(Short web captions)
Segment Open

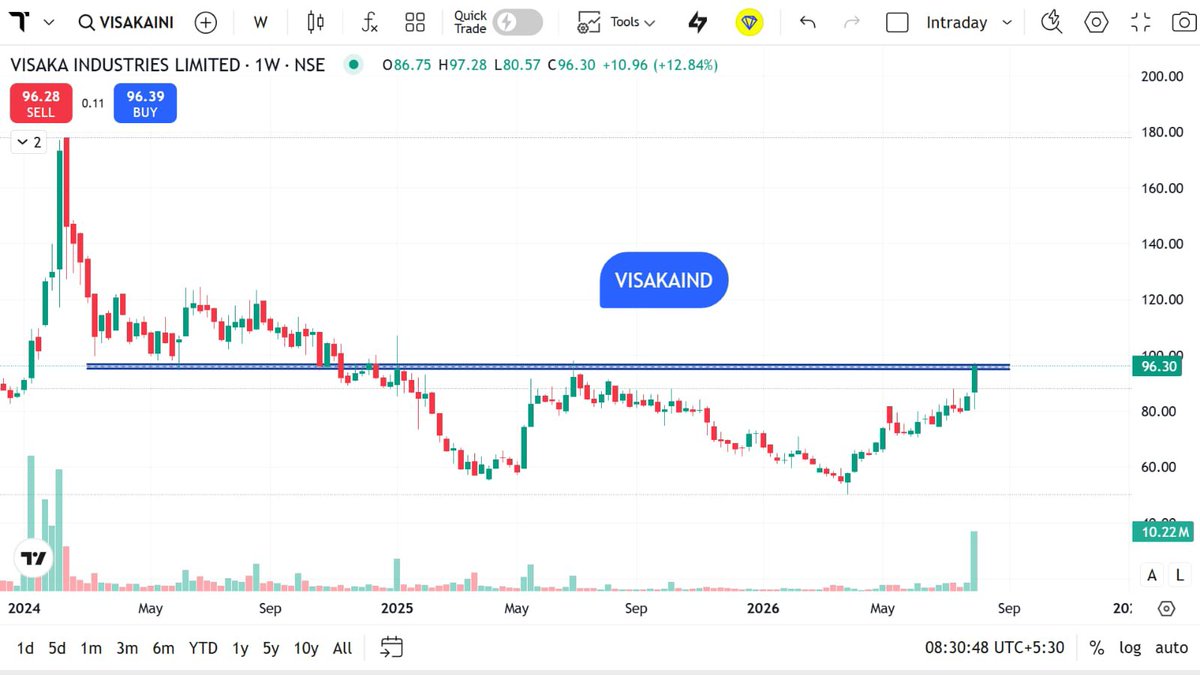 StocksMania11's tweet photo. 📊 Top 10+ #SwingTrade Stocks to Watch | 10 Aug 2026
A technical-structure focused watchlist for educational market study. The charts highlight breakout zones, rising trendlines, resistance levels and volume expansion
🔎 Key Charts in Focus
• #AVALON — Rising trendline + horizontal resistance breakout structure with strong volume
• #TAALTECH — Consolidation near resistance followed by a strong expansion candle
• #VISAKAIND — Long-term resistance zone being tested with notable volume
• #TRAVELFOOD — Ascending trendline meeting major horizontal resistance; volume expansion visible
📌 What to Monitor
• Sustaining above the marked resistance zone
• Price action around breakout areas
• Volume confirmation
• Retest and rejection/acceptance behaviour
• Broader market & sector trend
• Follow-through over subsequent sessions
⚠️ **Educational Framework:** These charts are shared only to explain technical analysis, price structure, trendlines, resistance and volume behaviour. They are **not recommendations, signals or financial advice**. Market conditions can change rapidly. Please conduct your own research and consult a SEBI-registered financial advisor before making any financial decision.
#SwingTrade #StocksInNews #Nifty #Sensex #IndianStockMarket #TechnicalAnalysis #Breakout #PriceAction #VolumeAnalysis #Trendline #StockMarketIndia #Nifty50 #NiftyOptions #Intraday #CRYPTO #Bitcoin #GOLD #SILVER #CRUDEOIL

Segment Closed

DIRECTIONS - Looking at the entries above, can you reproduce exactly the lines from the one that holds "Charts in Focus" through the one that holds "What to Monitor", and only those?

WRITTEN SOLUTION -
🔎 Key Charts in Focus
• #AVALON — Rising trendline + horizontal resistance breakout structure with strong volume
• #TAALTECH — Consolidation near resistance followed by a strong expansion candle
• #VISAKAIND — Long-term resistance zone being tested with notable volume
• #TRAVELFOOD — Ascending trendline meeting major horizontal resistance; volume expansion visible
📌 What to Monitor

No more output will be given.